I some how got linked to a part of CBS.com, where they had a gallery of old rare colored photos that were found from the 1930's/1940's. I've always loved the coloring of old photos and was wondering how you could get that look in photos today, other then having the type of film that they used back then. I'm sure part of it is photoshop, but are there filters and special lens you can get? 

Rare color photos from 1930s-40s*Pictures - CBS News


----------



## cgipson1 (Sep 10, 2012)

Looks a little desaturated due to age... very popular look today.

Fairly easy in photoshop...


----------



## MLeeK (Sep 10, 2012)

A bit to the yellow, a bit desaturated.


----------



## 2WheelPhoto (Sep 10, 2012)

Instagram FTW


----------



## scrapfan85 (Sep 10, 2012)

Well I wasn't talking specially THAT picture(sorry if it seemed that way) I just meant in general if you look through the gallery, they all have that soft and vintage color look, like this one Rare color photos from 1930s-40s Pictures - CBS News


----------



## amolitor (Sep 11, 2012)

The bulk of the FSA/OWI file is viewable online, and has been for some time. CBS News appears to be just dredging this stuff up and pretending that it's "news".

Since various films are likely to have been used in this collection (they shot everything from sheet film to 35mm for the FSA/OWI) the degredation and the color renditions are going to be a bit whack. Note also that most of what we see are scans of re-photographed work -- there was a scheme to preserve the archive by re-photographing the negatives and transparencies, possibly a couple such scheme, before they scanned it all. So you've actually got several levels of color infidelity going on.

FSA/OWI B&W Photographs

As for achieving the look with photoshop.. it's going to be some combination of color casts and saturation changes, yes.
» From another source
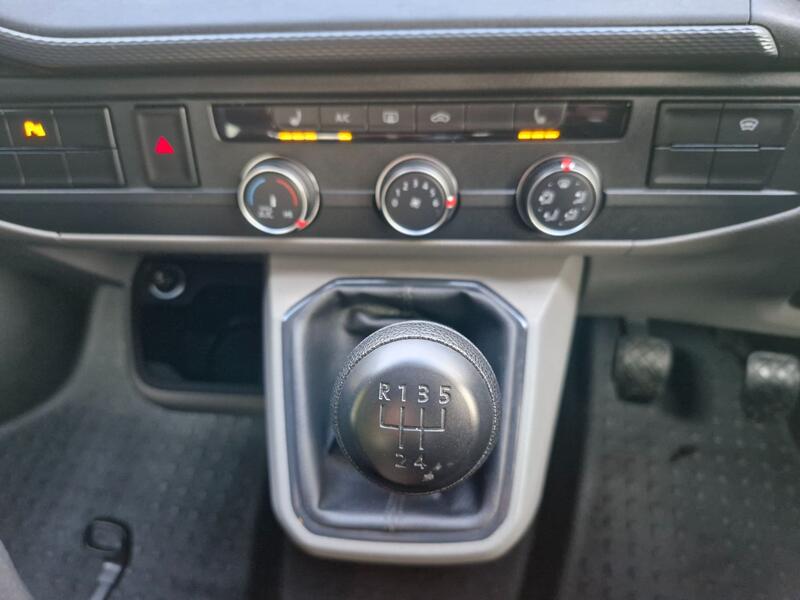 VOLKSWAGEN CAMPERVAN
Fool with it?


----------



## scrapfan85 (Sep 12, 2012)

I know there are actions you can download for photoshop, I just can never get them that good looking HA. I'll fool around and see what I can come up with.


----------



## terri (Sep 13, 2012)

You could always get really serious and get your own B&W prints and add color by hand.        That way you control the color while you're doing it.    Photo oils and photo oil pencils could get you there, and it's actually easier than messing around with PS actions. 

    IMO of course.    :mrgreen:


----------



## The_Traveler (Sep 13, 2012)

The Library of Congress has an amazing print collection that you can browse through on line.


----------



## PhotoWrangler (Sep 13, 2012)

Desaturation, yellow wb, white layer opacity at 2%.


----------